You might be tempted to answer by simply saying “brainstorming”, but, in fact, design thinking is much more. Let’s have a deeper look into it…
First of all, design thinking is a body of knowledge and, I would say, an attitude to developing a product. As a body of knowledge it collects ideas and methods coming from different disciplines and puts them into practice for the purpose of designing innovative products. In this sense it’s similar to the way agile puts together tools and methods used in software development in the past and makes them work synergistically to improve the way we develop software. While looking into design thinking you will definitely recognise several things you have seen in the past. It’s their systematic usage in an innovation-focused environment that will bring out the full power of these methods.
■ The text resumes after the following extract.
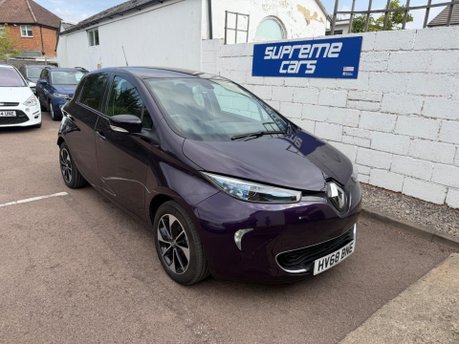 Renault Zoe R110 41kWh Dynamique Nav Auto 5dr (i)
Also it’s an attitude. It’s a way of living product creation as a continuum of ideas that flow through the development, a few of them making it to the end stage and being released, though the vast majority of them being canned along the way: a waste of ideas that is needed to develop a truly innovative product.
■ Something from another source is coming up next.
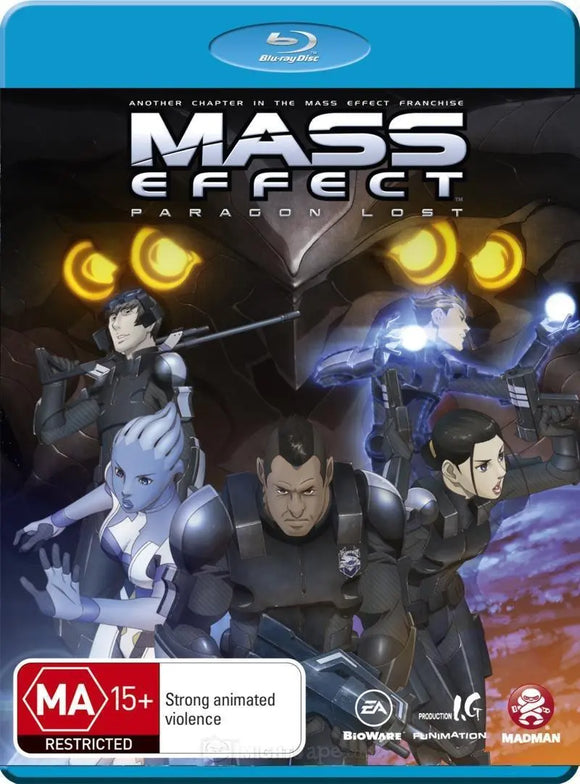 Mass Effect (Blu-Ray) New & Sealed - Region B - All Elite DVDs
In order to do this, the central part of design thinking is what is called “Ideate”, i.e. the generation of ideas. Traditional brainstorming will help here, though there are also other creativity techniques that might give also better results.
After having generated many ideas, the selection process starts: how do you “converge” to a few options to try out? The convergence process continues also with getting customer feedback on the first prototypes to refine the idea until it will be produced.
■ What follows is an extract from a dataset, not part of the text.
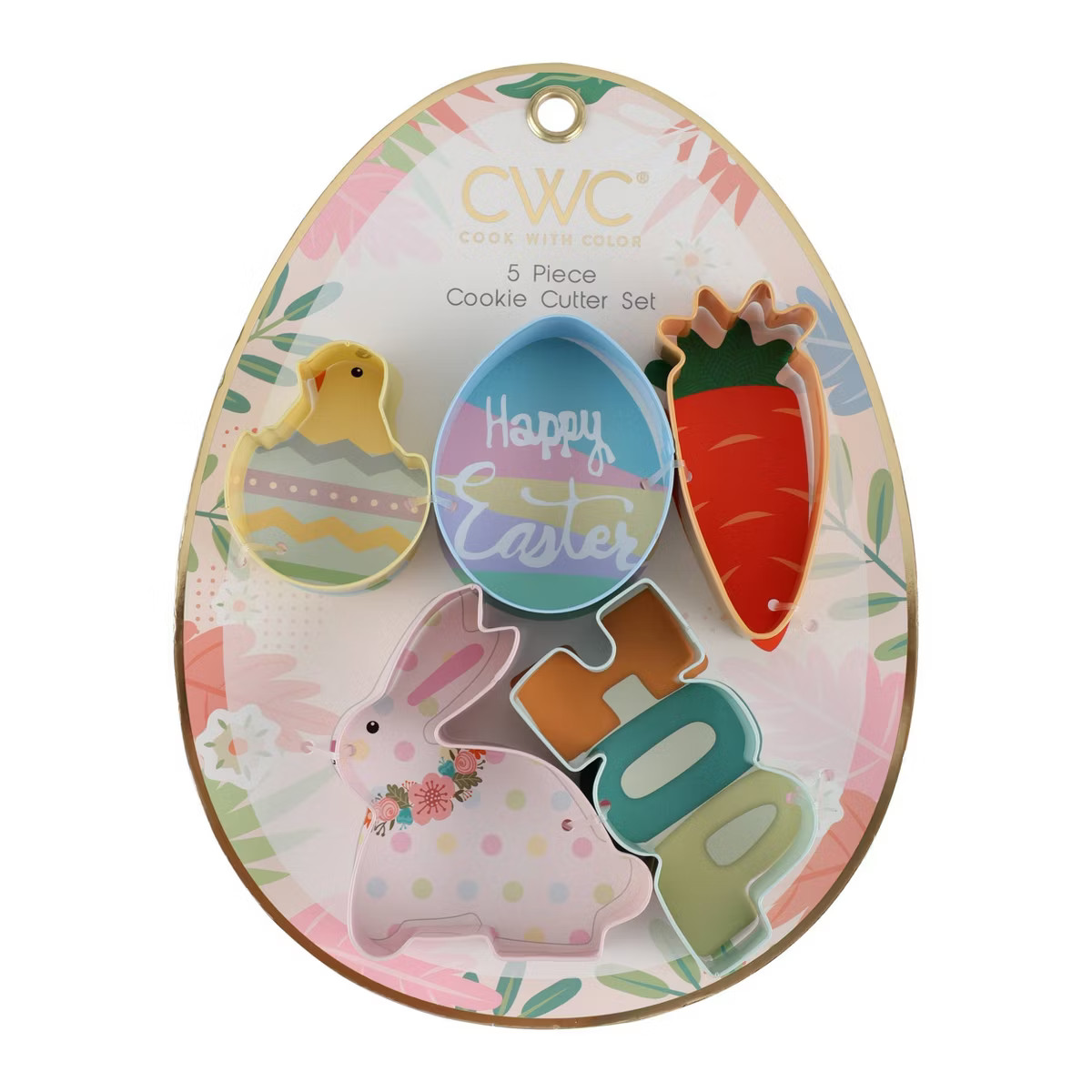 Cook With Color 5pc Hop Cookie Cutter Set | Target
The major difference here is that the whole organisation is involved! In many companies I’ve seen, the feedback process involves only the engineering department, i.e. the concept is envisioned by somebody before it can be checked whether it’s working or not. In some cases the feedback goes back to the product visionaries, but only to be adapted and not to be radically changed.
What if the feedback cycles used in agile were also applied to product creation? What if a product idea gets re-evaluated, re-discussed and goes again through a creative process, taking into account all the feedback collected through the development and test phases it went though? Will the product be better then? Sure enough it will! Will it cost time to do so? Yes, it will cost time, and it’s the price to pay to achieve a truly mind-blowing product!